* [EXERCISE AIM] Word for word, quote the lines from the one containing "Gianna counter stool" to the end of the entries below, including both. Leave pictures out.

Start of DATASET CONTENT

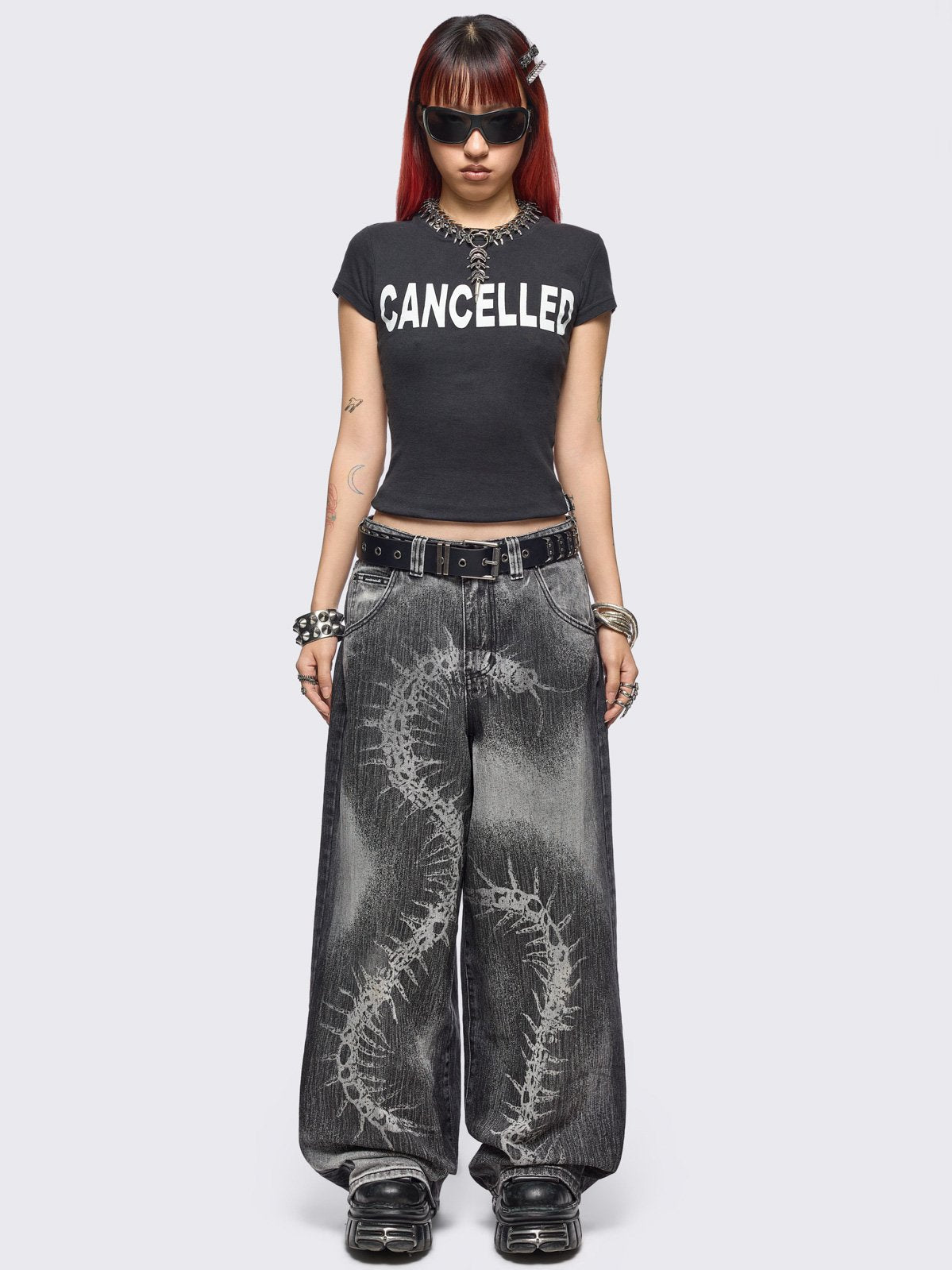 Grey washed baggy jeans with centipede graphic front print. 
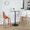 Gianna counter stool in Walnut Wood, Chrome Footrest, White PU, featuring swivel and wood frame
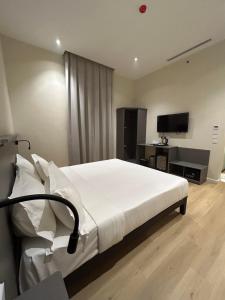 فندق هومي في المدينة المنورة: غرفة نوم بسرير ومكتب وتلفزيون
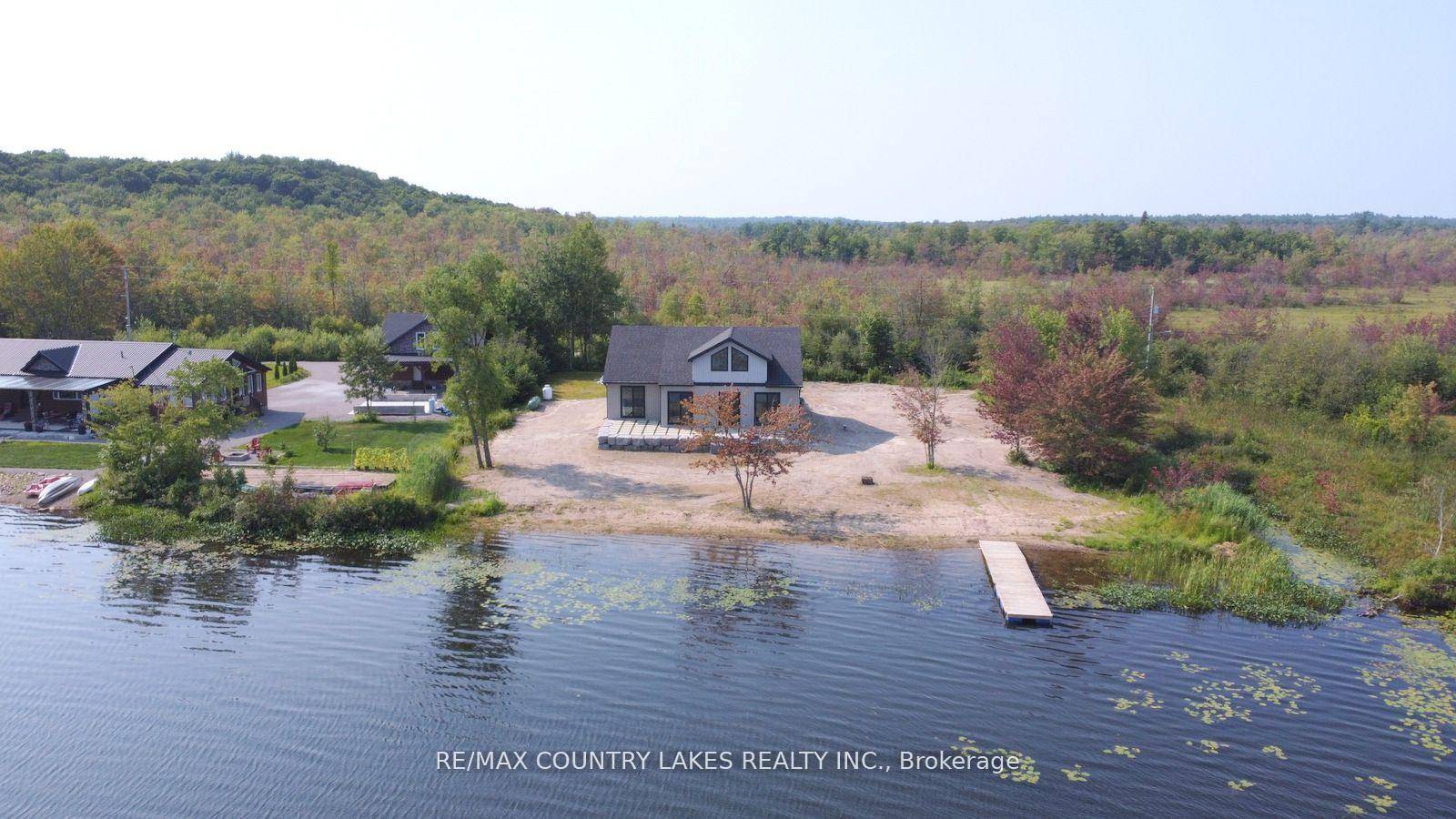 This exceptional 4 bedroom, 4 year old custom built home boasts 171 feet of prime waterfront on the serene shores of Head Lake.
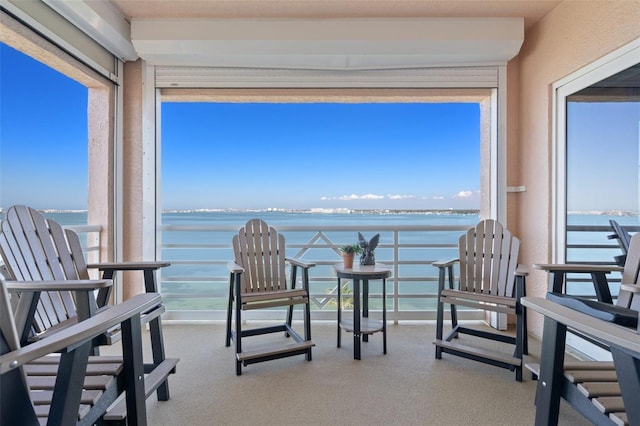 4951 Bacopa Ln S Unit 801, Saint Petersburg, FL 33715 - sunroom / solarium featuring a water view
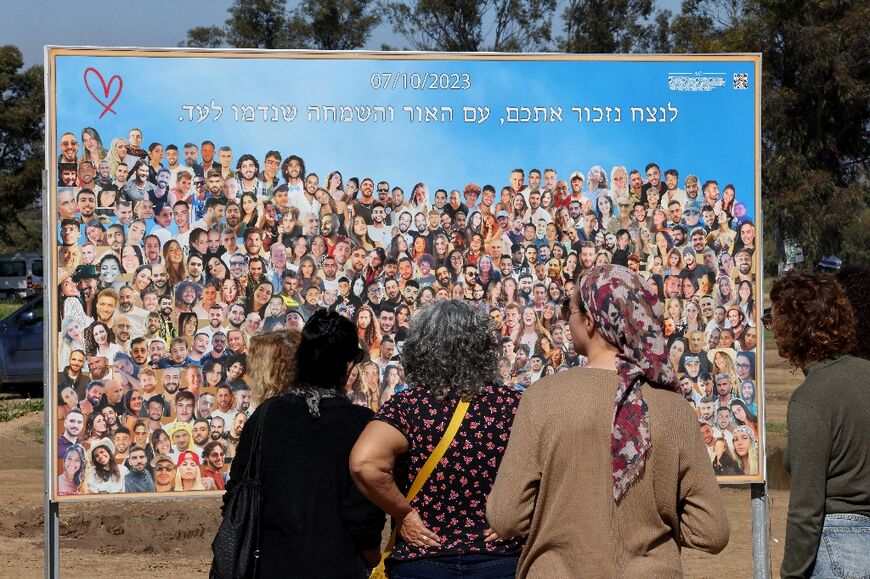 Visitors arriving now in a nearby parking lot are met with a giant mosaic of photos of victims killed in the attack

End of DATASET CONTENT

* [WRITTEN REPLY]
 Gianna counter stool in Walnut Wood, Chrome Footrest, White PU, featuring swivel and wood frame
 فندق هومي في المدينة المنورة: غرفة نوم بسرير ومكتب وتلفزيون
 This exceptional 4 bedroom, 4 year old custom built home boasts 171 feet of prime waterfront on the serene shores of Head Lake.
 4951 Bacopa Ln S Unit 801, Saint Petersburg, FL 33715 - sunroom / solarium featuring a water view
 Visitors arriving now in a nearby parking lot are met with a giant mosaic of photos of victims killed in the attack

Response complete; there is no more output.